Supplied material:
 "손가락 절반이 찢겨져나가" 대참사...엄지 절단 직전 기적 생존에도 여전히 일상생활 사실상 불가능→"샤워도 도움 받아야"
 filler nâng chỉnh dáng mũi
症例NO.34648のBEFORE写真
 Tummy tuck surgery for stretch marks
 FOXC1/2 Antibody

...

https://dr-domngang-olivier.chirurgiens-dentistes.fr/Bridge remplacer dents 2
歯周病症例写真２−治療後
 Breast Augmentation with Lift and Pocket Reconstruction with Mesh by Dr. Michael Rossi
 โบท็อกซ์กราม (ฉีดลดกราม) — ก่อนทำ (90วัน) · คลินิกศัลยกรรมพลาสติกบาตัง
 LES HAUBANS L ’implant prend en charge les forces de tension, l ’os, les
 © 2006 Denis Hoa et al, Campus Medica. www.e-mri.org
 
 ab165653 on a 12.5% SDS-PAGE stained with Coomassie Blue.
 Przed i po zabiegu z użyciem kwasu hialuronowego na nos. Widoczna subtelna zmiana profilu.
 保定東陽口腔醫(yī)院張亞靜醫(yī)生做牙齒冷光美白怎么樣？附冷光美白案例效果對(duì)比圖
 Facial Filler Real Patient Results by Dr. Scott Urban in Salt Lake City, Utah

...

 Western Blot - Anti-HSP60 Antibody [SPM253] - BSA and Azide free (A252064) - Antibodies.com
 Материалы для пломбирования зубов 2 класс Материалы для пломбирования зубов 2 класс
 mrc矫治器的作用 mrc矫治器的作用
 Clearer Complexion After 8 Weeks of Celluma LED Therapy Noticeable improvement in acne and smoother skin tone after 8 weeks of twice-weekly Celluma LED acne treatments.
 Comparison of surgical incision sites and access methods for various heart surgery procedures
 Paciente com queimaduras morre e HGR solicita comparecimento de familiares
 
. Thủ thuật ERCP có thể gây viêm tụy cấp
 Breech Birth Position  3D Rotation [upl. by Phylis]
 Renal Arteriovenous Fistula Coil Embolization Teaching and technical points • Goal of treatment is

Task requirements: Your job is to return all lines above that hold the word "with".

Result of this task:
 Breast Augmentation with Lift and Pocket Reconstruction with Mesh by Dr. Michael Rossi
 ab165653 on a 12.5% SDS-PAGE stained with Coomassie Blue.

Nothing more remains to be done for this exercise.